Decision-focused Sensing and Forecasting for Adaptive and Rapid Flood Response: An Implicit Learning Approach
Sun, Qian, Hults, Graham, Xu, Susu
Timely and reliable decision-making is vital for flood emergency response, yet it remains severely hindered by limited and imprecise situational awareness due to various budget and data accessibility constraints. Traditional flood management systems often rely on in-situ sensors to calibrate remote sensing-based large-scale flood depth forecasting models, and further take flood depth estimates to optimize flood response decisions. However, these approaches often take fixed, decision task-agnostic strategies to decide where to put in-situ sensors (e.g., maximize overall information gain) and train flood forecasting models (e.g., minimize average forecasting errors), but overlook that systems with the same sensing gain and average forecasting errors may lead to distinct decisions. To address this, we introduce a novel decision-focused framework that strategically selects locations for in-situ sensor placement and optimize spatio-temporal flood forecasting models to optimize downstream flood response decision regrets.
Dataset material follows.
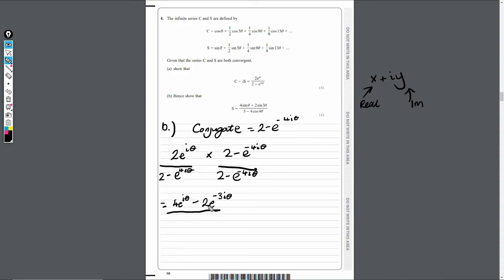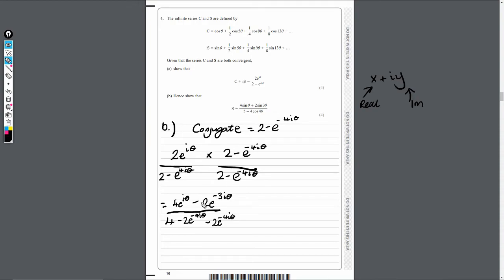For the denominator: 2×2 = 4; 2×(−e^(−4iθ)) = −2e^(−4iθ); (−e^(4iθ))×2 = −2e^(4iθ); and (−e^(4iθ))(−e^(−4iθ)) = +1, since the exponentials cancel (like i² = −1 in principle). So the denominator simplifies as we expand.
Our end-to-end pipeline integrates four components: a contextual scoring network, a differentiable sensor selection module under hard budget constraints, a spatio-temporal flood reconstruction and forecasting model, and a differentiable decision layer tailored to task-specific objectives. Central to our approach is the incorporation of Implicit Maximum Likelihood Estimation (I-MLE) to enable gradient-based learning over discrete sensor configurations, and probabilistic decision heads to enable differentiable approximation to various constrained disaster response tasks.